The sportswriters who cover golf and Tiger Woods sounded like the baseball writers who could not figure out that banned substances were being used in baseball in the 1990s. They had no clue about Tiger. The baseball writers were also ignorant even though the Washington Post's Thomas Boswell and NBC's Bob Costas had publicly said they thought steroids were being used in the game. The golf writers complained they never got to know Tiger and if they did, well they would have said something.



Sure they would have. Sportswriters are an extension of sports public relations departments and there is no quicker way to get access shut down then start saying what you know to be true instead of writing what the industry expects. Baseball Hall of Fame pitcher Steve Carlton cut off media access while he pitched for the Philadelphia Phillies because of some of the things written about him. The Baseball Hall of Fame has a “media” section and inducts baseball writers into the museum—an absurd notion as writers are supposed cover baseball not be applauded by the baseball industry---and it was rather fitting than one time Texas Rangers, Kansas City Royals and St. Louis Cardinals manager Whitey Herzog and New York Daily News baseball writer Bill Madden went in together as Madden and his colleagues were in Whitey’s words of the mid-1980s one of those “good baseball people” – baseball writers as opposed to other media representatives from radio and TV.



Levin wants to expand his TMZ franchise into sports. It would be a first in the United States but Levin is far behind the Brits and Fleet Street in terms of spewing the sports gossip. Footballer (soccer) star Georgie Best was a darling of the London tabloids for his lifestyle.



Meanwhile the PGA officials have to be wondering about the tour's financial future with Tiger Woods not playing well and the whole Levin pushed narrative about Tiger and his ex-wife.

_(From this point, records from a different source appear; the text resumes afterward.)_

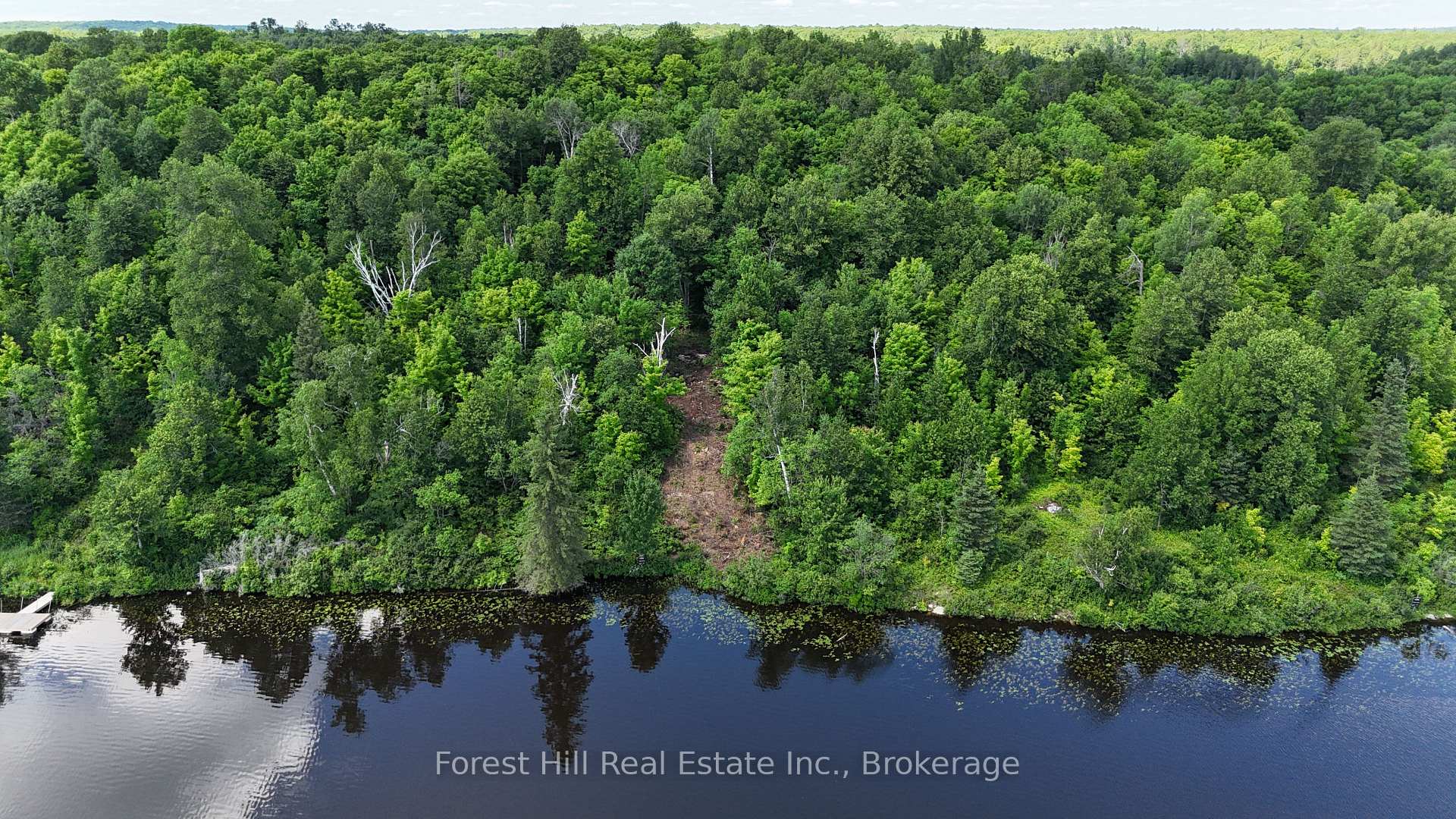 Photo 2 of 0-2 Jacks Lake, Parry Sound Remote Area, Golden Valley — HOMEH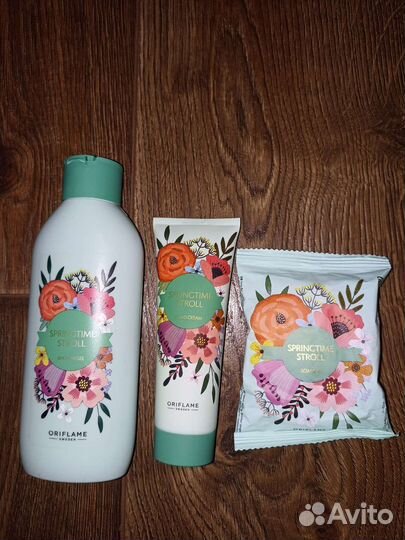 Подарочный набор Oriflame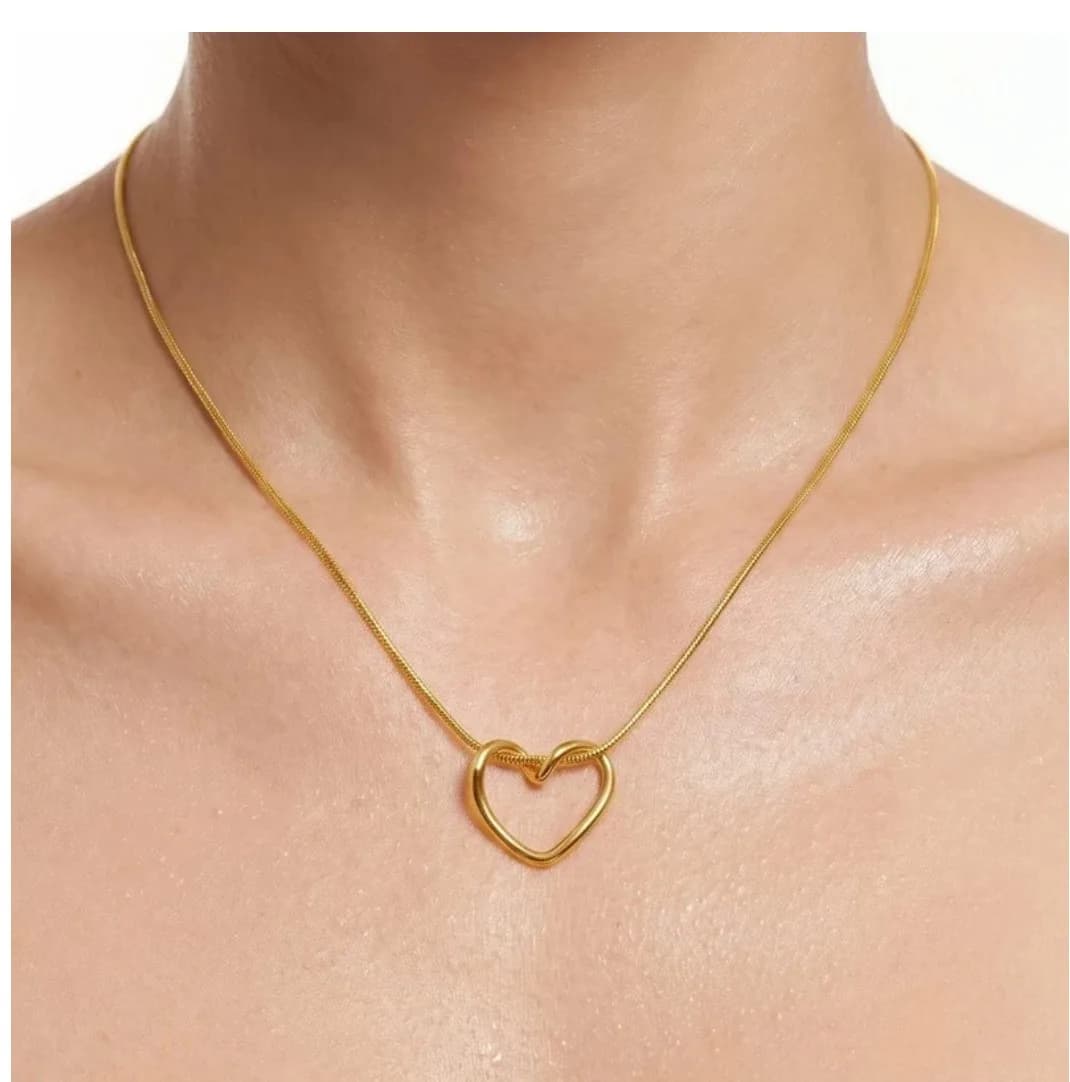 Stainless Premium Necklace ( নেকলেস )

Levin's gang of "journalists" got the story into the public but what should have been a private matter may do some significant damage to the Tour and may harm some people who depend on money raised by the Tour and given to charities.



If Tiger Woods continues to slump and is not in contention for a Sunday victory in any tournament that he has entered, television ratings will slide as Tiger brings eyeballs in front of the TV to watch golf. Redstone and CBS along with Immelt's NBC might and Brian Roberts' (Comcast) Golf Channel decide the Tour is not worth the investment as the networks have deals in place until 2012 that pays the PGA $255 million. Roberts, of course, will run NBC if everyone signs off on the Comcast-NBCUniversal agreement which would give Comcast NBC and the Peacock Network's cable networks which include USA, msnbc and CNBC.



Tiger Woods has already lost endorsements. The PGA could also lose endorsements if people turn away from golf because Tiger isn't playing well and some of those marketing partners may walk away from sponsoring tournaments which could mean that the PGA drops some events. The PGA gives a portion of the revenues from each tournament to charities, it is unlikely Levin's TMZ or his partners Time Warner or Murdoch will make up the charitable contributions.



At the end of the day, Tiger Woods has to take responsibility for his actions but that should have been a private matter. The sports bar on the ship went on with life after the TV banks had Tiger’s talk, there were other games and highlights and there were patrons who sat watching the screen with their drinks in hand. The old Tiger, the pre-November 2009 Tiger showed up on Thursday but it was the post Harvey Levin and TMZ Tiger that came to Paramus on Friday. One day Tiger will become yesterday's news and some other poor and unfortunate fellow or girl will be ensnared by Levin and his ilk. Don Henley's lyrics in his October 1982 song Dirty Laundry are as current and spot on today as they were in 1982 except there are more places where Dirty Laundry shows up then in 1982 as Tiger Woods could have told reporters on Thursday in Paramus.



Henley complained that "Crap is King". So far Tiger has refrained from singing "Dirty Laundry" but dirty laundry is being presented everyday as fact all you have to do is turn on the AM radio dial or flip on cable TV news and it is there in gross tonnage.